The women get out of the kitchen, but the kitchen doesn’t get out of them, even when they are in the middle of their act (intercourse) or in a faraway land assisting their pregnant daughters. Even when men become occasional chefs to relieve women of their routine job, they possess the luxury to chicken out after bagging their credits leaving their mess to be cleaned by the women.
In the opening credits, Jeo Baby “thanks science” for being a reliable ally to mankind (read: womankind), so that he (she) saves time for himself (herself), for his (her) hobbies, interests and passion. It is such a pity that their mindset cannot keep pace with their home which is modern enough to house these appliances.
A shrine of purity and the nucleus of power, the kitchen in a traditional household is a prohibited zone that should not be trespassed on “those” days, lest the bleeding woman’s impurity pollutes its sanctity – her impurity that supersedes that of a lowly-born woman. You keep wondering which one is the lesser of the two evils.
The second half of the 100-minute film is set against the ongoing debate on the Sabarimala controversy: whether women in the reproductive age should be allowed entry to the shrine of the celibate god, Lord Ayyappan.

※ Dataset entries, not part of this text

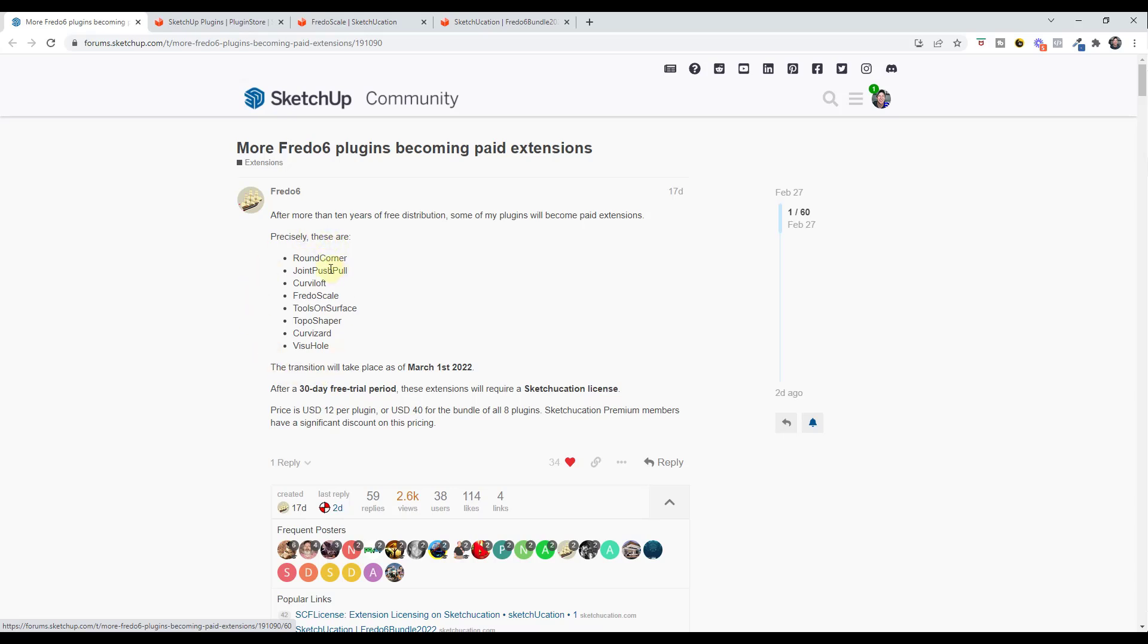These are the extensions that are moving to paid: Round Corner, Joint Push-Pull, Curviloft, Fredo Scale, Tools on Surface, Topo Shaper, Curvizard, and Vigihull. Those are all going to go to paid extensions.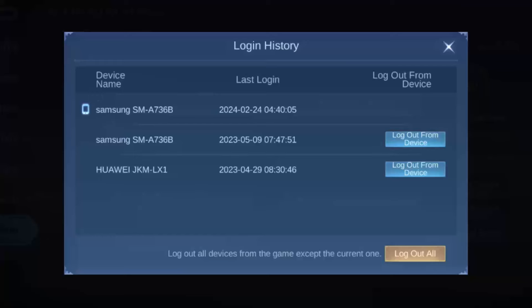If I tap on Log Out from this device, I'll get logged out of my account from this device. My account is also open on another device — a Huawei phone — and if I tap Log Out beside that, my account will get logged out from that phone.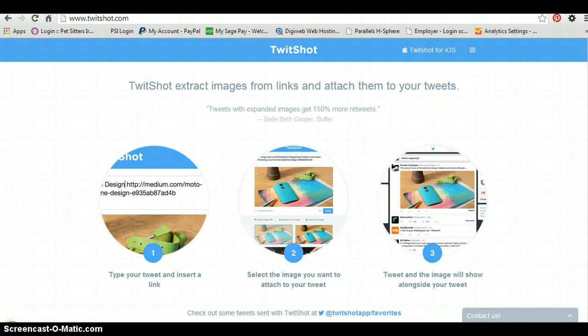A bit like when you post a link on Facebook and it pulls up a picture. Well now you can do that on Twitter and it's going to save you loads of time than creating images yourself.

For a film replete with powerful moments, the one between the wife in her banishment and the neighbourhood girl sent a shiver down my spine. The secluded menstruating wife asks the little neighbourhood girl to not come near her, after she admits having become a “swami” (a term used for devotees of Lord Ayyappa who observe the 41-day austerity period prior to their pilgrimage to Sabarimala), lest she gets “deivakopam” (god’s curse). The naive little girl reads the wife’s abstinence as her indifference and insists on meeting her anyway. Following their ritual, she hands the wife the gift – from one goddess to another.

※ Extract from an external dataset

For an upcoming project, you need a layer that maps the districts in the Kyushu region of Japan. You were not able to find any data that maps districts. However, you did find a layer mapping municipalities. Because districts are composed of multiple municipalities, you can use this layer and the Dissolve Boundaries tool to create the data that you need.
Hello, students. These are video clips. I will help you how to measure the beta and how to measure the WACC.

The very blood that gives the goddess in women the power to give life makes her impure, unworthy of human touch and undeserving of anything human. What in the name of God is this?
While working on this article, I overheard my mother insisting upon my father to watch the film, for he should know what breathing inside the high walls of patriarchy looked like. However, on seeing me, my mother smiled, and said, “But your father helps me a lot.”
I replied, “Yes he does, whenever he can. Whenever he chooses to. He has the privilege of agency, something you and I don’t.”
The story of an everywoman and everyman, even though, vehemently rooted in Kerala, The Great Indian Kitchen is as Indian as it could possibly be. For all that it is worth, this film brings forth a watershed moment in the history of Malayalam cinema as one that would be a conversation starter, a film that my male and female cousins unequivocally prodded me to watch. I could only hope it is beginning of the snow melting, one flake at a time.
The Great Indian Kitchen is streaming on Nee Stream.
A Malayalee raised in the city of joy, Shinali is mostly perplexed about which one of these cultures houses more inside her. When not grappling with the cost-benefit analysis of Economics she is pursuing, she writes about anything she is inspired by – films, rain and the likes.